To make my point, I offer a few statistics I located on the Internet, more specifically, the National Weather Service Web site at

The first named storm of the 2001 Hurricane Season was Tropical Storm Allison.

The storm, which struck the southeast coast of Texas, and included the Houston metropolitan area, dumped nearly 40 inches of rain as it spent the better part of five days over land.

It also killed 22 people.

And what is more significant is that the folks who lived in that part of the country when the storm struck knew it was coming, and still nearly two dozen lives were lost.

What if they hadn’t had any warning? What if they didn’t know what was coming and what to expect?

If that were the case we might have had another storm like the one that hit Galveston, Texas on Sept. 8, 1900.

Of course that was long before long-range radar and forecasting was common place.

In that storm, which became the worst natural disaster in American history, it is estimated that between 8,000 and 12,000 people perished.

The city was inundated with up to 15 feet of storm surge, which is basically the hurricane pushing sea water overland. More than half the homes and buildings were destroyed, and in 1990 dollars, estimated damage was $700 million.

In 1919 a storm passed near Key West between Sept. 9 and 10. Ten ships were lost at sea and between 800 and 900 people died.

That storm moved on across the Gulf of Mexico and hit Corpus Christi, Texas, killing another 287.

Again, this event occurred in a time when there was little known about the oncoming systems and their potential for disaster.

But, today, we know well in advance, often more than a week, that storms are forming.

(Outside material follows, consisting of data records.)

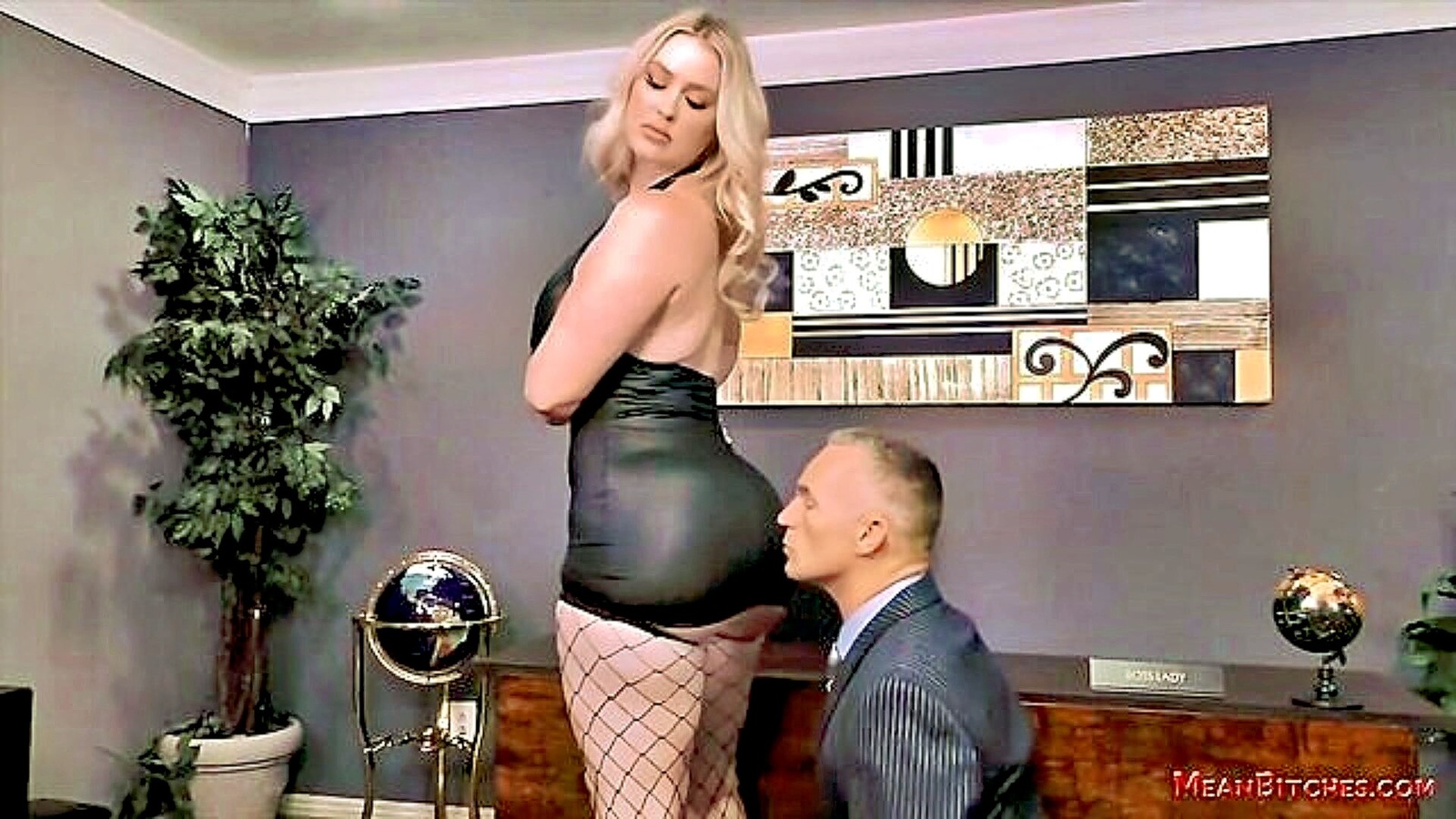 Explore The World Of Bdsm With Jenna Starr In A Full Length Femdom Video -  XXXBP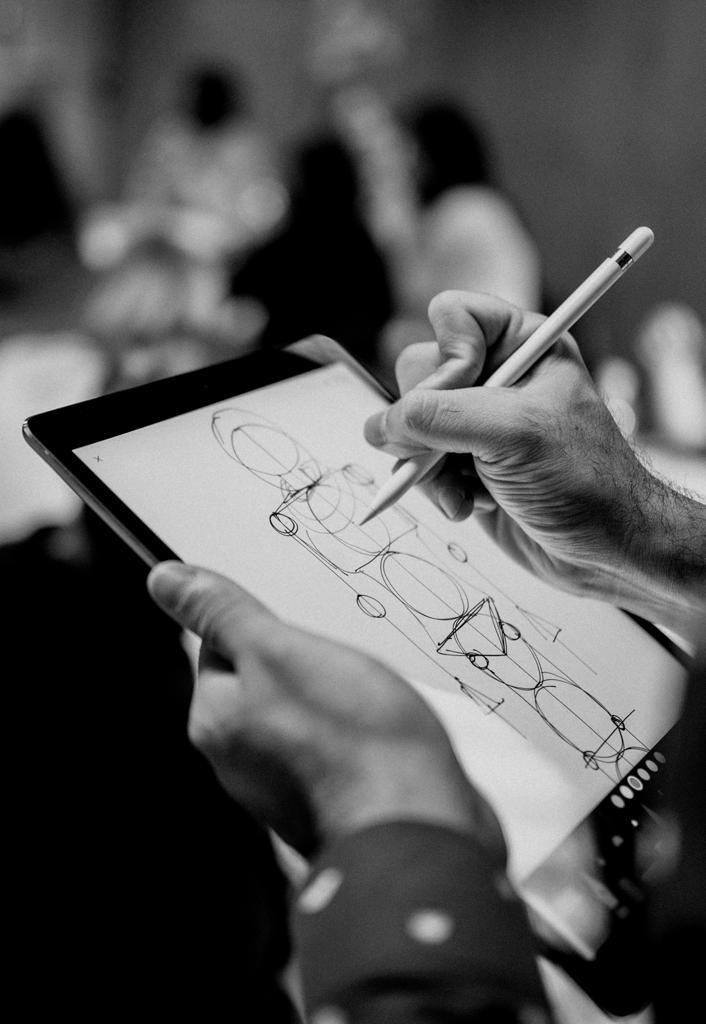 mauroalex's tweet photo. Teaching people how to draw in the @being_visual workshop at Josephs.
#iPadpro #ApplePencil #VisualThinking #beingvisual https://t.co/avR599XFCd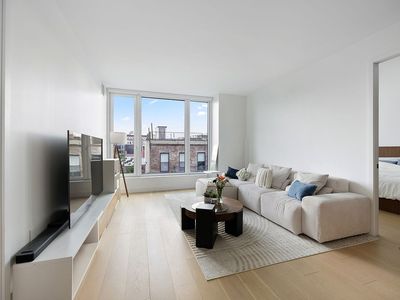 171 N 1st St APT 5H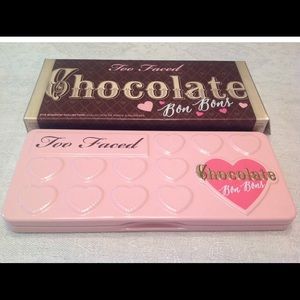Too faced palette bundle. Two palettes included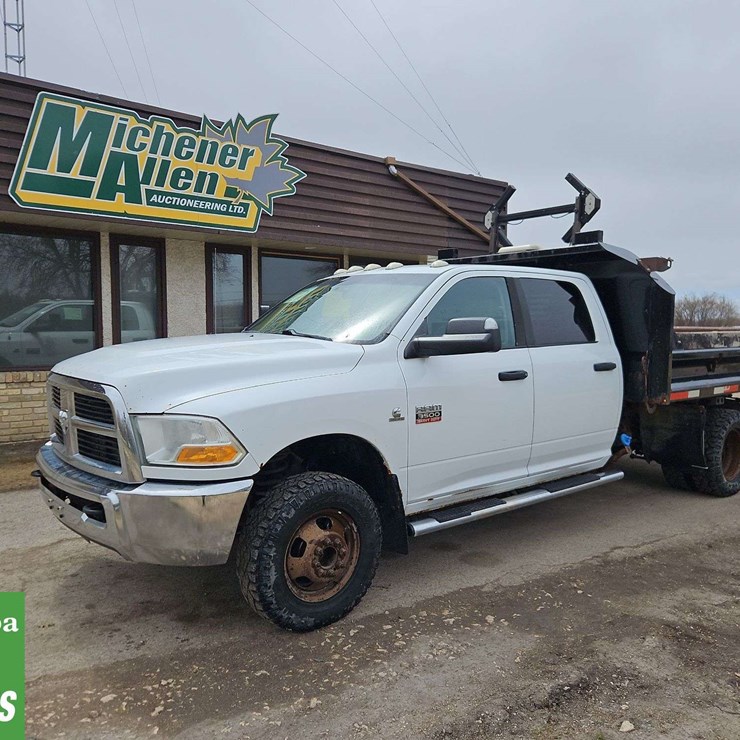 2011 DODGE 3500
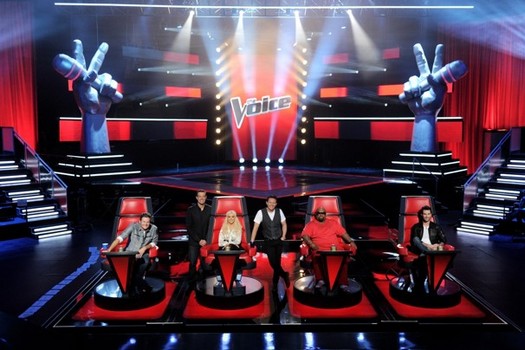 Shakira tiene problemas para comunicarse en inglés en ‘The Voice’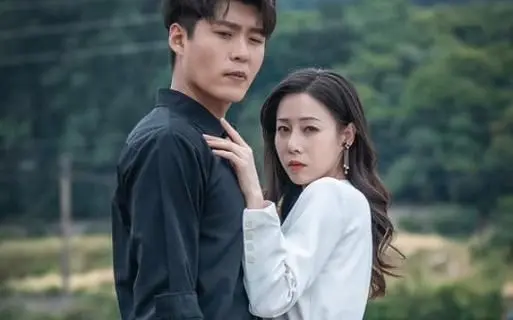 《崛起从回村开始》：都市精英乡村逆袭，平凡人生也能闪耀光芒！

And forecasters, using the best equipment they have at their disposal, try to predict where the systems will ultimately go.

But that is not an exact science, simply because Mother Nature is fickle.

Forecaster update their predictions and the forecasts as often as they believe is necessary, and will change when the data changes.

The bottom line is this. While some of you may think the newspaper and TV coverage of these pending storms is over kill, just imagine what life would be like without them.

You wouldn’t know anything. You could guess at what is about to happen, but chances are you’d be wrong. And you may be dead wrong.

So, when we have the weather systems, listen to as much as you think you need to listen to, and then ignore the rest if you want.

But don’t ever underestimate the power of these monsters.

We are just a few hours away from Ernesto’s arrival, and we have a general idea of what to expect.

But we are not exactly sure what will happen.

We just hope you are prepared for anything.